# Florida fire ants



## Stormchase (Jul 30, 2010)

Went out today and it was too windy for leaf climbers. I wanted to get more practice with the macro filter. I was about to head home and I had an idea.

This guy was chowing down on some good ol rotten fish.








I think i got too close and this one called the war song. they all scattered and i jumped up till they calmed down.






No stings today! Just fun


----------



## Dieselboy (Jul 30, 2010)

I hate those guys, nice shots though.


----------



## Arkanjel Imaging (Jul 30, 2010)

Dieselboy said:


> I hate those guys, nice shots though.


 

What he said.


----------



## The Empress (Jul 30, 2010)

Nice shots, they are so weird looking!! lol


----------



## macrojunkie (Jul 30, 2010)

Amazing, love the 1st shot!


----------



## Stormchase (Jul 31, 2010)

Thanks everyone,
It was fun getting these.
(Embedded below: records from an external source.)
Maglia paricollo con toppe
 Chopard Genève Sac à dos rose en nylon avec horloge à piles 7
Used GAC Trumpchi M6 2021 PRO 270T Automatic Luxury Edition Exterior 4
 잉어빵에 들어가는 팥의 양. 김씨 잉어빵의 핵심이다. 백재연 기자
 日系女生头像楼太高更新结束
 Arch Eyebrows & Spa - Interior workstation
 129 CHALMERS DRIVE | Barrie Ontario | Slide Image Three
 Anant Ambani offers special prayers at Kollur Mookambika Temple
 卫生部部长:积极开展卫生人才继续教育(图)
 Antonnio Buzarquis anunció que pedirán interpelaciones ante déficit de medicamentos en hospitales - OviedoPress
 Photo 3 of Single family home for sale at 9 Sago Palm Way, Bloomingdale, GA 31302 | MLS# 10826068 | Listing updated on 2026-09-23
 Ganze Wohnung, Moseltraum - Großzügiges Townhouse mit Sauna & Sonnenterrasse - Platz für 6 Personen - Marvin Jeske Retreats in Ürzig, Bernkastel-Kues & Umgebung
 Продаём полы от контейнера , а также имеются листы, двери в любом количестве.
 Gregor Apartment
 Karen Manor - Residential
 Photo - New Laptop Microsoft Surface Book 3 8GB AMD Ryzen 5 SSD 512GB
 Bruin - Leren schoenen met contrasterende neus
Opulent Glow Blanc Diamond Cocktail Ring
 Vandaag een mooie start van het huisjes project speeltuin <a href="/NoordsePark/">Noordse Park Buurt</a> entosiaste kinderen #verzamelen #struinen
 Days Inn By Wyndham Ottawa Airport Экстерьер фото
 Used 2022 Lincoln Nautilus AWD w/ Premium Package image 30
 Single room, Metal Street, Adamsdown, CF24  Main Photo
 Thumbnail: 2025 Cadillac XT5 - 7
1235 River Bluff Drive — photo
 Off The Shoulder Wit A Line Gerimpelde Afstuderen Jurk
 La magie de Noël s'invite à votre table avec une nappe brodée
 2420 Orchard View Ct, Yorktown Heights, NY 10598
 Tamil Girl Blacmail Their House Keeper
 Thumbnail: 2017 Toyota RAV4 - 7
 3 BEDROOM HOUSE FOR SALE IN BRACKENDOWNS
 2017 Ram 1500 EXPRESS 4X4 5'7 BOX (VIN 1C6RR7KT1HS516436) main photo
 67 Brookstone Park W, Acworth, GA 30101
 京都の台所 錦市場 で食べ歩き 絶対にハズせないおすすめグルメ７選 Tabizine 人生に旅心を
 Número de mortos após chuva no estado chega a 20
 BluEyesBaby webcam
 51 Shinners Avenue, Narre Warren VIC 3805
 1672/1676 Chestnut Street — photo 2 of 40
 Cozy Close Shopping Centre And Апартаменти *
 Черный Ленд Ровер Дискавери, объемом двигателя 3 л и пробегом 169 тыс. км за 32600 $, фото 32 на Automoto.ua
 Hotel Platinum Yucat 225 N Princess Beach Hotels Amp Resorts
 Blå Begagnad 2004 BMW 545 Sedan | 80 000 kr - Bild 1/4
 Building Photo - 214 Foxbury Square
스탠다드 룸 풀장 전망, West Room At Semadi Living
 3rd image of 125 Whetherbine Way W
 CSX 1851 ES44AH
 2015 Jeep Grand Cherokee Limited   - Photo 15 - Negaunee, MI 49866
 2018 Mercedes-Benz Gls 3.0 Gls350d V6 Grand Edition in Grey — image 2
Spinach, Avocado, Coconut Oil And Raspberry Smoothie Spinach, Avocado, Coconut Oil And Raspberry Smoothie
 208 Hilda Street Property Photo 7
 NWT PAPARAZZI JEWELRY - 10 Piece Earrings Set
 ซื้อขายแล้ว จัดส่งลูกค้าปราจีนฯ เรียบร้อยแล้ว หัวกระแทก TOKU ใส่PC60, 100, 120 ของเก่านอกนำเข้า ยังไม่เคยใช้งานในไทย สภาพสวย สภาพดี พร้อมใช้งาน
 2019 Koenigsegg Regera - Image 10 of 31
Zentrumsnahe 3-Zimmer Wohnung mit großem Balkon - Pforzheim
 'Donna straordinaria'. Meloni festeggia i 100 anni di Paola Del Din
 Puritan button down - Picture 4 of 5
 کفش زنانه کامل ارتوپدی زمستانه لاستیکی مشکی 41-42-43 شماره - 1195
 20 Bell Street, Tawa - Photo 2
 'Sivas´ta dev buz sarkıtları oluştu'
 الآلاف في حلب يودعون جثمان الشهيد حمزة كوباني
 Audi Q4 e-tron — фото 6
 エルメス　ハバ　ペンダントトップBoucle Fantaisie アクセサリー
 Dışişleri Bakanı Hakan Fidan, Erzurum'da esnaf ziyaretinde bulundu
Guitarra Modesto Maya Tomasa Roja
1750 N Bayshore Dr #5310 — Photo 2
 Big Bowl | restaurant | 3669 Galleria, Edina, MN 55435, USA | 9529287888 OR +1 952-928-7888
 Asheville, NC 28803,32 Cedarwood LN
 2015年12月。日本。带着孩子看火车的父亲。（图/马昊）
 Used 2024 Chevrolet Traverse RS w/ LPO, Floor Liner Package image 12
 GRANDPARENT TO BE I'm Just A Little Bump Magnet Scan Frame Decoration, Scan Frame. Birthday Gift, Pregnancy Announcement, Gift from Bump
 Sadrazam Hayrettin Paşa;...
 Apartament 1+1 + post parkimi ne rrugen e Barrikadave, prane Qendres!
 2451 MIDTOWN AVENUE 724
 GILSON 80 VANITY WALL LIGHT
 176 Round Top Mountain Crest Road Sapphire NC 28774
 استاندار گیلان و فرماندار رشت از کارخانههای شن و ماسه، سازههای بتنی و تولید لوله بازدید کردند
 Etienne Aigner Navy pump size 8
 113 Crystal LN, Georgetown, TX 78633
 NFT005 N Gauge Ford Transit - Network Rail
Im getting a little better on magnification. :thumbup:


----------



## wesd (Jul 31, 2010)

I love shooting macro so when I see people take them I have to say something lol.  I have to give you extra props for shooting a live moving creature.
Wes


----------



## Stormchase (Jul 31, 2010)

Thanks .. Its all learning for me.


----------